Virtual presentations of users have become increasingly focal to social presence, and with it, the demand for the digitization of clothes, accessories, and other physical features and characteristics. Particularly, eyeglasses play an important role in the perception of identity. Authentic virtual representations of faces can benefit greatly from their inclusion. However, virtual representations do not effectively capture the geometric and appearance interactions between a person and an accessory such as glasses. Glasses and faces deform each other's geometry at their contact points. Similarly, the appearance is coupled via global light transport, and shadows as well as inter-reflections may appear and affect the radiance, and also induce appearance changes due to light transport. Thus, traditional models, modeling the geometric and appearance interactions of glasses and the face of virtual representations of humans, do not capture these physical interactions since they model eyeglasses and faces independently.


Conventional real time graphics engines support the composition of individual components (e.g., hair, clothing), but the interaction between the face and other objects is by necessity approximated with overly simplified physically inspired constraints or heuristics (e.g., “no interpenetrations”). Thus, they do not faithfully reconstruct all geometric and photometric interactions present in the real world and are typically not real time with physics-based rendering. Others attempt to resolve interactions as a 2D image synthesis problem and suffer from view and temporal inconsistencies. The lack of 3D information including contact and occlusion leads to limited fidelity and incoherent results in motion and changing views. Generative modeling for faces and glasses may be able to span the shape and appearance variation of each object category, however, interactions between objects are not considered in these approaches, leading to implausible object compositions.


Additionally, conventional generative models also lack structural prior leads about faces or glasses which leads to suboptimal fidelity and failure to model photorealistic interactions. In addition, the generative models are not relightable, thus preventing glasses from being rendered on faces in a novel illumination. Standard representations cannot handle such diverse materials, which exhibit significant transmissive effects, and inferring their parameters for photorealistic relighting remains challenging.


Embodiments, as disclosed herein, describe methods and systems that provide a solution rooted in computer technology, namely, a 3D morphable and relightable eyeglass model that represents the shape and appearance of eyeglasses frames and their interaction with faces to generate photorealistic virtual representations (e.g., avatars). Rather than modeling eyeglasses in isolation, the model considers the eyeglasses and its interaction with the face to achieve photorealism. Aspects of embodiments model the geometric and photometric interactions between eyeglasses frames and faces, accurately incorporating high-fidelity geometric and photometric interaction effects to better capture the representation of eyeglasses interacting with a face.


According to embodiments, the model may contain explicit volumetric primitives that move and deform to efficiently allow expressive animation with semantic correspondences across frames. Unlike conventional volumetric approaches, model naturally retains correspondences across glasses, and hence explicit modification of geometry, such as lens insertion and frame deformation, is greatly simplified.

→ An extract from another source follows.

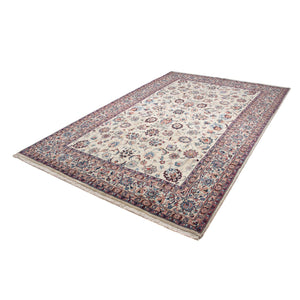Perserteppich - Classic 302 x 194 cm - beige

In some embodiments, to support the large variation in eyeglass topology efficiently, a hybrid representation that combines surface geometry and a volumetric representation is employed. Employing the hybrid representation offers explicit correspondences across glasses, as such, the model can trivially deform the structure of glasses based on head shapes.


In some embodiments, the model may be conditioned by a high-fidelity generative human head model, allowing the model to specialize deformation and appearance changes caused by wearing glasses. In some embodiments, the model may include a morphable face model based on glasses-conditioned deformation and appearance networks that incorporate the interaction effects caused by wearing glasses. In some implementations, glasses frames are modeled without lens to avoid modeling lens refraction.


According to embodiments, methods incorporate physics based neural lighting into the generative modeling. The methods infer output radiance given view, point-light positions, visibility, and specular reflection with multiple lobe sizes. The generative model is relightable under point lights and natural illumination. This significantly improves generalization and supports subsurface scattering, reflections, and high-fidelity rendering of various materials including translucent plastic and metal within a single model. Embodiments model global light transport effects, such as casting shadows between faces and glasses and can be fit to novel glasses via inverse rendering.


In some implementations, as a preprocess, glasses geometry may be separately reconstructed using, for example, a differentiable neural signal distance function (SDF) from multi-view images. Regularization terms based on these precomputed glasses geometry significantly improves the fidelity of the model.


Example Architecture


FIG. 1 is a diagram of an environment 100 in which methods, apparatuses and systems described herein may be implemented, according to embodiments. As shown in FIG. 1, the environment 100 may include a user device 110, a platform 120, and a network 130. Devices of the environment 100 may interconnect via wired connections, wireless connections, or a combination of wired and wireless connections.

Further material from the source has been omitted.